**Entries shown**
=== Section Start ===

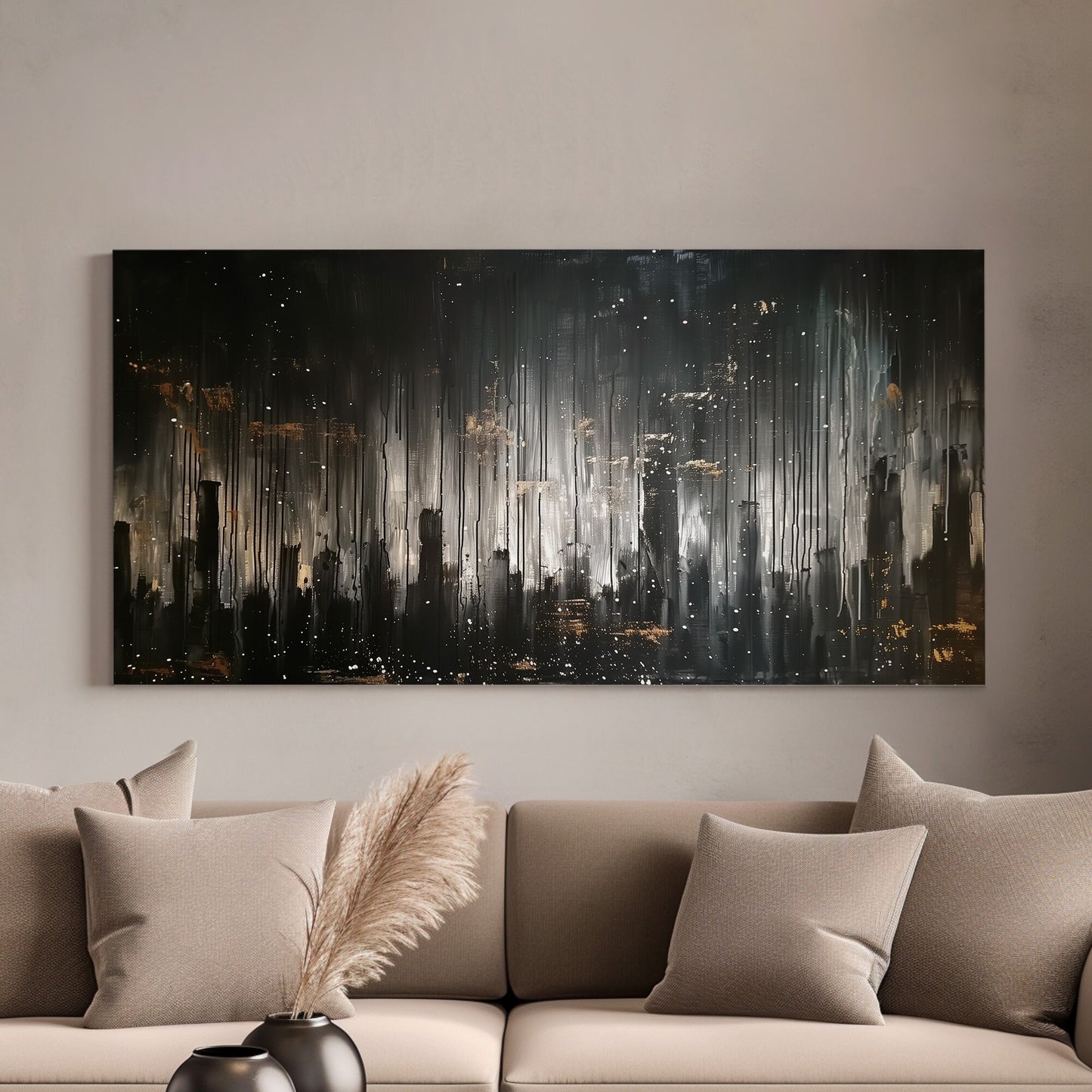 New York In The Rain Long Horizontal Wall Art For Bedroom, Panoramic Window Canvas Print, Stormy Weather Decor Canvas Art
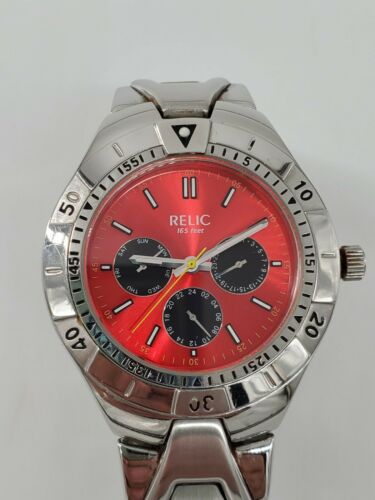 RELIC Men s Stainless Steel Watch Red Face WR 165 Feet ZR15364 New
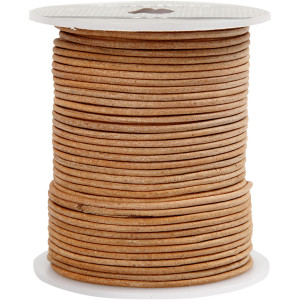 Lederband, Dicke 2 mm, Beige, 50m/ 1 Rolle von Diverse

=== Section End ===
=== Section Start ===

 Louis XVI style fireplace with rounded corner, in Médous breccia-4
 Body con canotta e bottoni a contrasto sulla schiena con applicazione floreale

=== Section End ===

**What this task involves**
Keep to the lines above from the line with "New York In" to the line with "Lederband, Dicke 2", and set down exactly those, inclusive, with nothing else and every picture left out.

**Solution for this problem**
 New York In The Rain Long Horizontal Wall Art For Bedroom, Panoramic Window Canvas Print, Stormy Weather Decor Canvas Art
 RELIC Men s Stainless Steel Watch Red Face WR 165 Feet ZR15364 New
 Lederband, Dicke 2 mm, Beige, 50m/ 1 Rolle von Diverse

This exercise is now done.